In advance of trial, the parties have filed motions in limine seeking the
exclusion of certain expert witness opinion testimony. The motions have been
fully briefed and are ripe for decision.
The plaintiff, Reginald Cornelius Latson, a former inmate with the Virginia
Department of Corrections (“VDOC”), is alleged to suffer from autism spectrum
disorder, post-traumatic stress disorder, and intellectual disability. He asserts in
this action that he was denied proper medical treatment for these conditions and
subjected to abusive conduct, lack of due process, and retaliation during his
incarceration for eight months in 2014-2015 at the Marion Correctional Treatment
Center (“MCTC”), a VDOC facility.
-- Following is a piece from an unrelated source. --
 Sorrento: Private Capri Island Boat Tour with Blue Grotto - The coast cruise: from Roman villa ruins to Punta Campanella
In 2015, at age 24, he was pardoned by the
Governor of Virginia.
Latson asserts claims based on the First, Eighth, and
Fourteenth Amendments to the Constitution, as well as the Americans with
Disabilities Act and the Rehabilitation Act. The present defendants are the VDOC,
Harold W. Clarke, Director of VDOC, and Larry Jarvis and Dara Robichaux, the
former Warden and Assistant Warden, respectively, of MCTC.
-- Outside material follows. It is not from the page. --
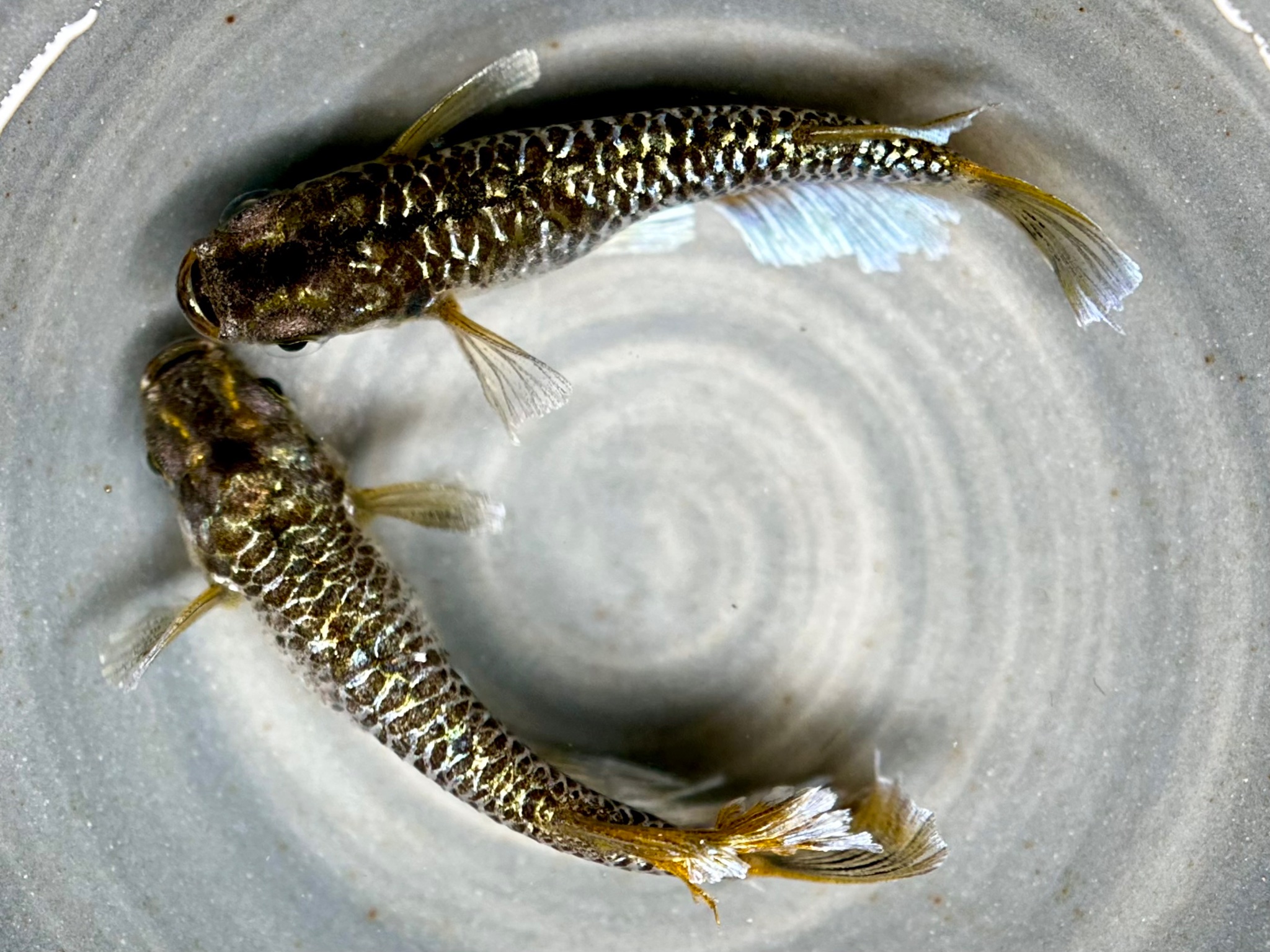 ⭐注目 🔥 Anonmouskillifish ゴールデンアワー　1p 10/28 21:30 [ID:21642]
Latson moves to exclude or limit the trial testimony of three of defendants’
designated experts — Aradhana Bela Sood, M.D., James R. Thompson, and Carl
A. Manis. In turn, the defendants wish to exclude the testimony of one of Latson’s
experts, Johannes Rojahn, Ph.D. I will consider these motions seriatim. 1
Aradhana Bela Sood, M.D.
Dr. Sood is a psychiatrist and Professor of Psychiatry and Pediatrics at
Virginia Commonwealth University and has been board certified in both adult and
child psychiatry for many years. She is a retained expert for the defendants and
has submitted two disclosures in the form of letter reports, the first dated October
11, 2017, and a supplemental report dated October 27, 2017. In addition, her
1
Of course, pretrial rulings on motions in limine as to particular evidence are
usually conditional, based upon events at trial. United States v. Dalton, No.
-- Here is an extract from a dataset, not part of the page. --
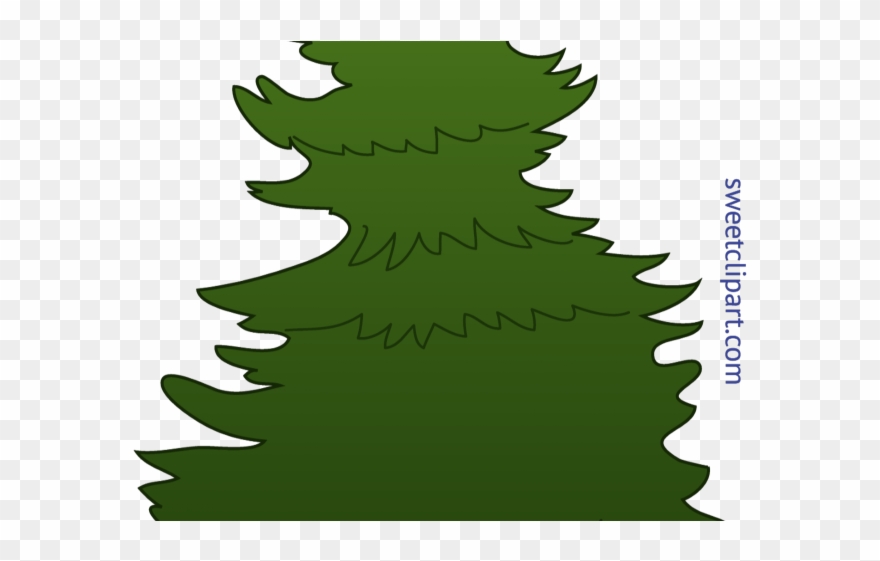 Fir Clipart Long Tree - Png Download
1:17CR00024, 2018 WL 356205, at *1 n.1 (W.D. Va. Jan. 10, 2018). However, in the
event counsel desires the court to reconsider any ruling limiting or excluding testimony
made herein because of later events at trial, I direct counsel not to refer to or seek to
introduce the subject evidence without first seeking a ruling by the court outside of the
jury’s presence.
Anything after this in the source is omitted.